Oxidative Addition to Group 1 (K, Rb, Cs) Alumanyl Anions as a Route to o-Carboranyl(hydrido)aluminates

The kinetic stability provided by the sterically demanding {SiN ^Dipp} ²⁻ dianion (SiN ^Dipp = {CH ₂SiMe ₂NDipp} ₂; Dipp = 2,6-i-Pr ₂C ₆H ₃) is intrinsic to the isolation of not only the group 1 alumanyl reagents ([{SiN ^Dipp}AlM] ₂; M = K, Rb, Cs) but also facilitates the completely selective oxidative addition of a C-H bond of 1,2-C ₂B ₁₀H ₁₂ to the aluminium centre. In each case, the resultant compounds comprise a four-coordinate o-carboranyl (hydrido)aluminate anion, [(SiN ^Dipp)Al(H)(1,2-C ₂B ₁₀H ₁₁)] ⁻, in which the carboranyl cage is bonded to aluminium by an Al-C σ bond.

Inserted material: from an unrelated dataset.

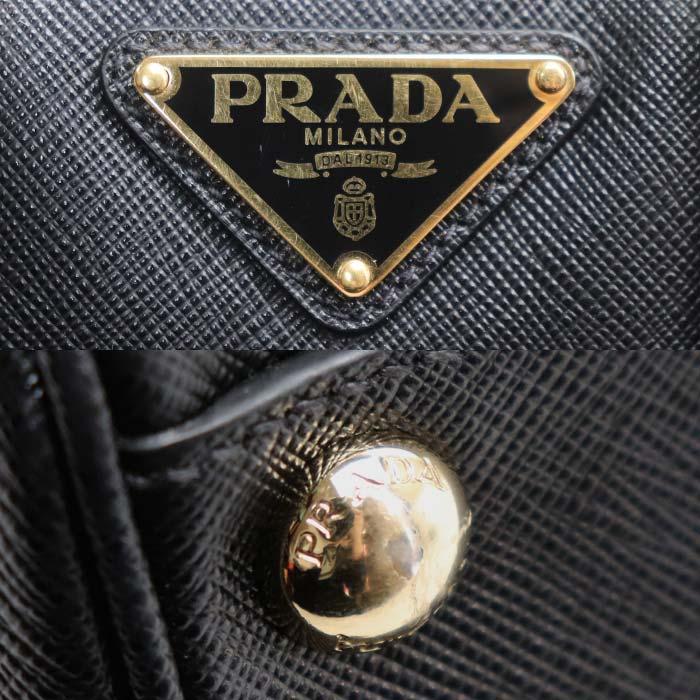 PRADA（プラダ） サフィアーノ ラクス 2Wayショルダーバッグ ブラック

Although the anions further assemble as extended network structures based on Al-H∙∙∙M, B-H∙∙∙M, and C-H∙∙∙M interactions, each structure is unique due to the significant variation in M ⁺ ionic radius as group 1 is descended. The potassium derivative crystallises as a one-dimensional polymer, its rubidium analogue is a dimer due to the polyhapto-sequestration of a molecule of benzene solvent within the alkali metal coordination sphere, and the caesium species is a two-dimensional assembly of hexameric aggregates.